Reicha L’Art de varier, Op. 57 Ivan Ilić (piano) Chandos CHAN 20194 86:50 mins
Now in its third volume, Ivan Ilić’s exploration of the piano works of Anton Reicha is making those works’ cognate origin with the works of Beethoven yet more abundantly clear. And cognate is exact, in that the two musicians were born in the same year, played side by side in the Bonn court orchestra when they were 15 and remained friends in adulthood. But their careers diverged sharply: while Beethoven rose to fame, Reicha, who worshipped Haydn, settled in Paris, ploughed an austere furrow as a mathematician and musical theoretician and gave celebrated classes to students including Berlioz, Gounod and César Franck.

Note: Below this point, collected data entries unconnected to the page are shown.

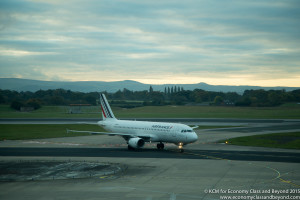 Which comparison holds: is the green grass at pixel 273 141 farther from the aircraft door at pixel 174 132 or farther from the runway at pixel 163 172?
the aircraft door at pixel 174 132

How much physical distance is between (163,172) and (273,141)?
33.4 meters

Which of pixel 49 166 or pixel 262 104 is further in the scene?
pixel 262 104

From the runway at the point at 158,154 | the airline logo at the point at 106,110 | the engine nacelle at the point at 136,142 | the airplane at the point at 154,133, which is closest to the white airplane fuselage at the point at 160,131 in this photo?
the airplane at the point at 154,133

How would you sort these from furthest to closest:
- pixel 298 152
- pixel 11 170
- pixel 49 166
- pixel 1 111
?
pixel 1 111 → pixel 298 152 → pixel 49 166 → pixel 11 170

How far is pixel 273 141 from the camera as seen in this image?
191 feet

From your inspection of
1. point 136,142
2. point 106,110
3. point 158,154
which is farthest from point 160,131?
point 106,110

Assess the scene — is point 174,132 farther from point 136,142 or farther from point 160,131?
point 136,142

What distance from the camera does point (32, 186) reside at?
26859 mm

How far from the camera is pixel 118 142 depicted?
59.5 m

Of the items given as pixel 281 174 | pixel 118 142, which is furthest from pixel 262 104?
pixel 281 174

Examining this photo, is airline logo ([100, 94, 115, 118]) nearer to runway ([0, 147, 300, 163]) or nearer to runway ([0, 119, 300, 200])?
runway ([0, 119, 300, 200])

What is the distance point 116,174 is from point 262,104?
489ft

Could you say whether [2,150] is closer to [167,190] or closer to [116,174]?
[116,174]

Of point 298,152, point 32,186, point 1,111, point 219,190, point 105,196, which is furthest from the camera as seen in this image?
point 1,111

‘My study of algebra gave me an analytical outlook,’ he claimed, and that is what gives the Op. 57 variations their tensile strength. For almost 90 minutes he subjects a simple, songful theme to the most kaleidoscopic imaginable treatment, and – thanks in part to the freshness and clarity of Ilić’s playing – the wonder is that I don’t get bored. The first variation is a demure little embroidery on the theme, and the second thunders in Beethovenian style. Then, after establishing these polarities, he’s off on a voyage full of drama and incident, sometimes adumbrating Chopin and sometimes Liszt, and often demanding full-blown virtuosity. Harking back to Bach, the penultimate variation is a po-faced fugue, and the finale is a perky little Presto; Reicha’s invention never flags for a moment. It would make an arresting programme for a Wigmore concert.